Kadir · 16 June 2024 18:54

Hello everyone,

I am Kadir, a physics master’s student. In my master’s thesis, I am working on a heterogeneous computing system CPU + FPGAs(Connected to PCIe 4.0). I am using AMD Xilinx Alveo u280. I need to find the most efficient way to work with FPGAs to exploit the full potential of the device using High-Level Synthesis(HLS) with C++.
I am trying to accelerate a track reconstruction prototype algorithm. So far I familiarised myself with the tools and environment(Such as Vitis_Analyzer, Vivado etc.) a bit and mostly I am using terminal.
I am following the steps SW-EMU (Software Emulation) → HW-EMU(Hardware Emulation) → Running on Hardware. So far using the hardware emulation I managed to emulate when I send data and the kernel from HOST(CPU) to DEVICE(FPGAs) using and make calculations on the device then collect back on the host(CPU). To get a better performance I used the AXI interface and streaming data between functions(READ, COMPUTE, WRITE) inside the kernel and executing them in parallel.

What is the fastest and most efficient way to transfer the data for continuous dataflow between CPU and FPGA? Using Structs with multiple data points (such as struct position{float x, y, z;} makes performance worse or to get the best performance should we use only 1-dimensional arrays? What are the other things that need to be considered(Memory, Port-Bit Width, etc.)?

qberthet · 17 June 2024 08:56

From the host point-of-view, overlapping computing (kernel runs) and PCIe memory transfers is the best you can aim for for continuous dataflow.

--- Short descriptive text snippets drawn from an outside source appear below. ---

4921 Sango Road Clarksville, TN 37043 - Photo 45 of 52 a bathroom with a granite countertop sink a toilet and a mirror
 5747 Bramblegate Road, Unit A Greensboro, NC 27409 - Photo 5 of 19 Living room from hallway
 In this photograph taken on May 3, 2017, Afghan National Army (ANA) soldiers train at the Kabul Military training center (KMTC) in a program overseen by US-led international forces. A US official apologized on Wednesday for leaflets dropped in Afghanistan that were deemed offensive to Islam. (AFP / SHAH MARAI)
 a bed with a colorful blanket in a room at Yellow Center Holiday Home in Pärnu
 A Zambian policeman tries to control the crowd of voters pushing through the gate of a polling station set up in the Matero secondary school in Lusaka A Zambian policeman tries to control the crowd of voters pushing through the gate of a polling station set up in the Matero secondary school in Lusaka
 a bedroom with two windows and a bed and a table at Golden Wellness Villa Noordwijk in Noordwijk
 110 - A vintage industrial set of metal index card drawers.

But from the device side, the way you load your buffers from memory through AXI might have a big impact on the kernel performance. Most (all?) Alveo devices have a 512-bit wide memory interface, so if you can optimize your accesses to use burst of 512-bit read/write, it is probably the way you should define the buffers data-structure. But this is very dependent on the algorithm you are implementing and the data accesses patterns.

Kadir · 18 June 2024 10:23

Yes, max-bit-width is given as 512-bits. But there is also Port Bit Width Widening
property. Which actually confused me a bit. When we are sending an array of numbers port bit-width automatically adjusted to datatype but if a structure with multiple variables send then adjusts to 512 for float. When using float datatype port-bit-width shows 512-bits but for double 1024-bits. What is the advantage of port-bit-width widening? Is that also possible to widen the port-bit-width for float numbers to 1024? Using pre-tcl and pragmas I tried 1024 bit width for float but still showing 512 in the summary file.